Pseudonymity is absolutely essential for all kinds of on-line interaction. Why? Five reasons.
1. Gender affects everything. The first and single most useful thing I learnt about pseudonymity on-line, when I was sixteen years old, was the joy of not being immediately identified as a woman. You learn an awful lot when you allow others to assume that you are a man (something I touched on in our review of Catfish). Quite apart from your every opinion being judged in the context on your gender, sexual harassment is an enormous issue for women on-line. The Feminist Philosophers blog were onto the fact that gender is the first thing Google Plus asks, some weeks ago, suggesting that we all say "Other". Randall Munroe (as in xkcd) has also written about this matter. But obviously, for most of us, selecting other makes no odds if we're forced to use our “real” gendered names.
2. In meat-space, you can talk to people and enter into discussion without giving your name and certainly without giving your surname. It is normal to get to know people very well by a nickname or first-name without having a clue about their last-name, let alone have a casual conversation with them. If a screen-name requires a first and second name, you become more exposed on-line than you ordinarily are off-line.
3. (a) The internet has historically allowed much greater freedom both from and to your various identities. It is possible to come out on-line when you're in the off-line closet, it is also possible to interact on-line without other people being aware of your physical appearance, gender, sexuality, disability status, race, religion etc.. This is a very good thing. It creates an environment where others are forced to be more open-minded in their response to you than they otherwise would be. It also allows us to explore identities and talk about experiences when it would be impossible to do this with our nearest and dearest looking on. It's not about pretending to be someone else. Using a pseudonym on-line is like going to a different part of town. This is especially important for young people who find themselves marginalised, isolated and bullied – without pseudonyms, their bullies can follow them everywhere.
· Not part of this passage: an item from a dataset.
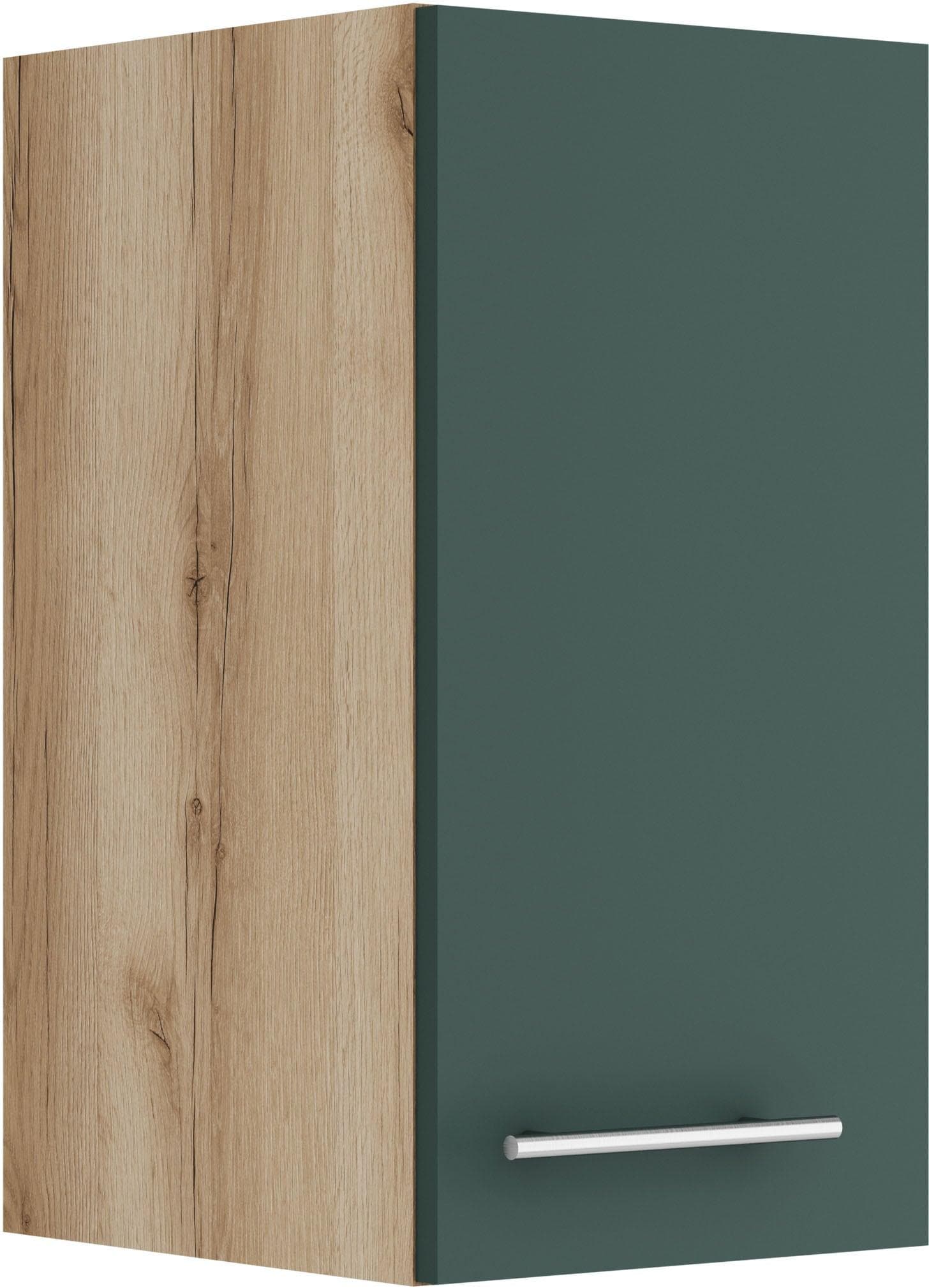 OPTIFIT Hängeschrank Bella Steingrün Wildeiche 30cm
(b) Lots of people – like Bug Girl - have jobs where they cannot express certain views under their professional name (usually their legally-recognised name). These views don't need to be extreme or kinky or anything others would disapprove of, but some companies and especially governmental organisations just don't want anyone talking sex, politics or religion in contexts where they can be identified as their employees. Sometimes a "real" name is enough for such identification.
The possibility of multiple identities is not just a new liberating effect of the internet – it's what people have always done, the internet just makes it better. I don't tell lies or make any effort to conceal anything about me, but I am a slightly different person in different contexts. I use slightly different language and discuss different subjects when talking to my nephew or my Granny or my doctor or this friend or that friend. The only difference on-line is that I have to use different names in order to carry this off because this world is made of searchable text.
4. Names are massively important to us. Both the names we have been given and the names which we choose. The ability to call yourself by a name you feel at home in is not a universal privilege. We know this very well in British History, having seen both the coerced Anglicisation and later attempts to de-Anglicise Irish, Scottish and Welsh names. My own surname is a product of this process.
Outside English, there are completely different ways of coping with names which don't fit into the neat Given-name Family-name, with no special characters model and can't really be fit into it. Urycon has a great post about this and Chally has touched on this matter here. The removal of flexibility with names not only effects one's ability to use a chosen name, it can also effect one's ability to be known by the name given to you by your family.
What's more, chosen names are not themselves disposable – as Skud, who has had her Google Plus account suspended wrote last month here:
“People sometimes speak as if pseudonymity is the same as anonymity, or suggest that pseudonymity is nothing more than a way to avoid accountability for one’s words. It’s not. Persistent pseudonyms (those used over many years and perhaps across multiple sites) can accrue social capital and respect just as “real” names can, and be subject to the same social pressures towards civil behaviour if the community has a strong culture of respect. Without a culture of respect, real names won’t help. With it, real names won’t matter."I am quite proud of being the Goldfish. Some of you know my real name, but this is the authentic me too. I am the Goldfish. Coo coo catchu.
5. If there is any evidence that forcing people to use “real” names reduces abuse, it doesn't seem to be very forthcoming. Geek Feminism has posted the brilliant Anti-Pseudonym Bingo and a request for such evidence. My experience is that scoundrels are more than happy to be scoundrels in their own names – it's far more subtle and powerful social pressure that inhibits verbal abuse, harassment and so forth. And that pressure can only exist where everyone feels comfortable being themselves, whichever version of themselves they choose.
There's an on-line petition asking Google to allow pseudonymity on Google Plus here. I have probably missed other important posts, I've got limited on-line time at the moment and generally feel rather out of the loop.